International football competition

The knockout stage of the 2000–01 UEFA Champions League featured the eight teams that had finished in the top two of each of the four groups in the second group stage and lasted from 3 April to 23 May 2001. The knockout stage followed a simple, single-elimination format, with the ties in each round (except for the final) being played over two legs, with whichever team scored the most goals over the course of the two legs progressing to the next round. In the case of both teams scoring the same number of goals over the two legs, the winner would be determined by whichever team scored more goals in their away leg. If the teams could still not be separated, a period of golden goal extra time lasting 30 minutes (split into two 15-minute halves) would be played. If no goals are scored after extra time, the winner would be decided by a penalty shoot-out. As in every season of the competition, the final was played as a single match at a neutral venue, which in 2001 was the San Siro in Milan, Italy.

The final pitted three-time winners Bayern Munich of Germany against Spanish club Valencia, who were appearing in their second consecutive final, with Bayern winning 5–4 on penalties after the two teams could not be separated through 90 minutes and extra time. Bayern reached the final by knocking out the competition's last two champions – Manchester United (who had beaten Bayern in the 1999 final) and Real Madrid, who beat Valencia in 2000. Valencia, meanwhile, had to play two English sides en route to the final, first beating Arsenal then Leeds United. The other teams involved in the knockout stage were Galatasaray of Turkey and Deportivo La Coruña of Spain.

Times are CEST, as listed by UEFA.

==Qualified teams==
The knockout staged involved the eight teams which qualified as winners and runners-up of each of the four groups in the second group stage.

| Group | Winners (seeded in round of 16 draw) | Runners-up (unseeded in round of 16 draw) |
|---|---|---|
| A | Valencia | Manchester United |
| B | Deportivo La Coruña | Galatasaray |
| C | Bayern Munich | Arsenal |
| D | Real Madrid | Leeds United |

==Quarter-finals==

===Summary===

| Team 1 | Agg.
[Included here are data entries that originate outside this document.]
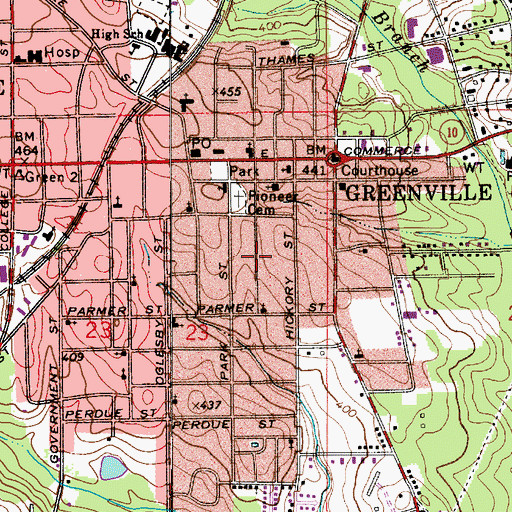 Topographic Map of South Greenville Historic District, AL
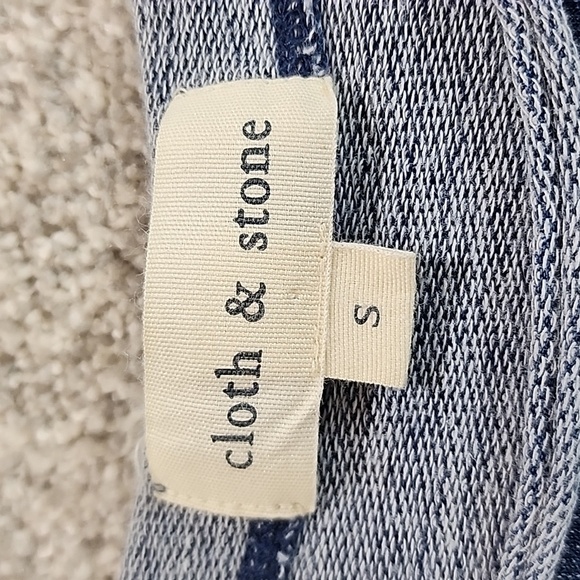 Cloth & Stone Long Sleeve Scoop Neck Blue Sweatshirt Chambray Waist Drawstring S - Picture 7 of 9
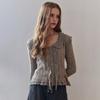 MAXZA Ruffle Collar Slim Knit Cardigan Ze11qd029na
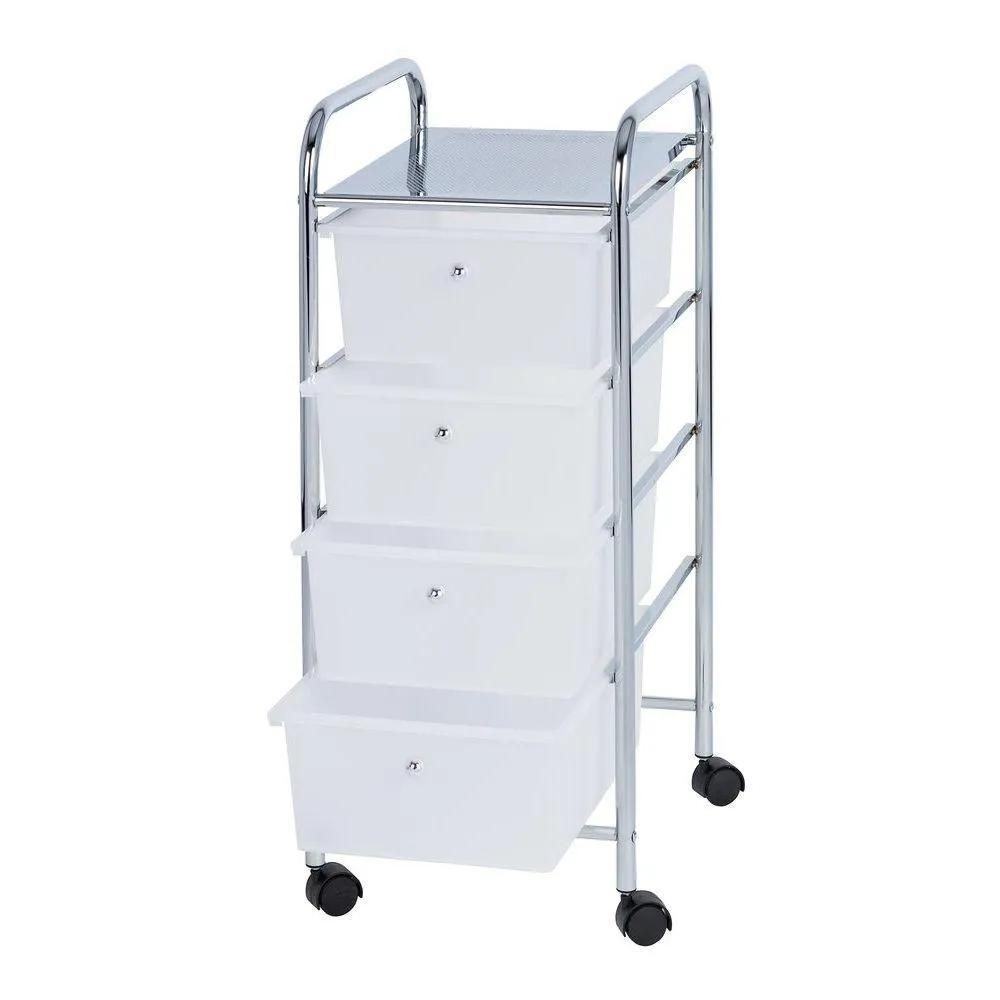 Messina 4 Drawer Storage Trolley Chrome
Tooltip Aggregate score | Team 2 | 1st leg | 2nd leg |
|---|---|---|---|---|
| Leeds United | 3–2 | Deportivo La Coruña | 3–0 | 0–2 |
| Arsenal | 2–2 (a) | Valencia | 2–1 | 0–1 |
| Galatasaray | 3–5 | Real Madrid | 3–2 | 0–3 |
| Manchester United | 1–3 | Bayern Munich | 0–1 | 1–2 |

===Matches===

Leeds United 3-0 Deportivo La Coruña
  Leeds United: Harte 26', Smith 51', Ferdinand 66'

Deportivo La Coruña 2-0 Leeds United
  Deportivo La Coruña: Djalminha 9' (pen.), Tristán 73'
Leeds United won 3–2 on aggregate.
----

Arsenal 2-1 Valencia
  Arsenal: Henry 58', Parlour 60'
  Valencia: Ayala 41'

Valencia 1-0 Arsenal
  Valencia: Carew 75'
2–2 on aggregate; Valencia won on away goals.
----

Galatasaray 3-2 Real Madrid
  Galatasaray: Ümit 47' (pen.), Hasan Şaş 66', Jardel 75'
  Real Madrid: Helguera 33', Makélélé 43'

Real Madrid 3-0 Galatasaray
  Real Madrid: Raúl 15', 37', Helguera 28'
Real Madrid won 5–3 on aggregate.
----

Manchester United 0-1 Bayern Munich
  Bayern Munich: Paulo Sérgio 86'

Bayern Munich 2-1 Manchester United
  Bayern Munich: Élber 5', Scholl 40'
  Manchester United: Giggs 49'
Bayern Munich won 3–1 on aggregate.

==Semi-finals==

===Summary===

| Team 1 | Agg. Tooltip Aggregate score | Team 2 | 1st leg | 2nd leg |
|---|---|---|---|---|
| Leeds United | 0–3 | Valencia | 0–0 | 0–3 |
| Real Madrid | 1–3 | Bayern Munich | 0–1 | 1–2 |

===Matches===

Leeds United 0-0 Valencia

Valencia 3-0 Leeds United
  Valencia: Juan Sánchez 16', 47', Mendieta 52'
Valencia won 3–0 on aggregate.
----

Real Madrid 0-1 Bayern Munich
  Bayern Munich: Élber 55'

Bayern Munich 2-1 Real Madrid
  Bayern Munich: Élber 8', Jeremies 34'
  Real Madrid: Figo 18'
Bayern Munich won 3–1 on aggregate.

==Final==

The final was played on 23 May 2001 at the San Siro in Milan, Italy.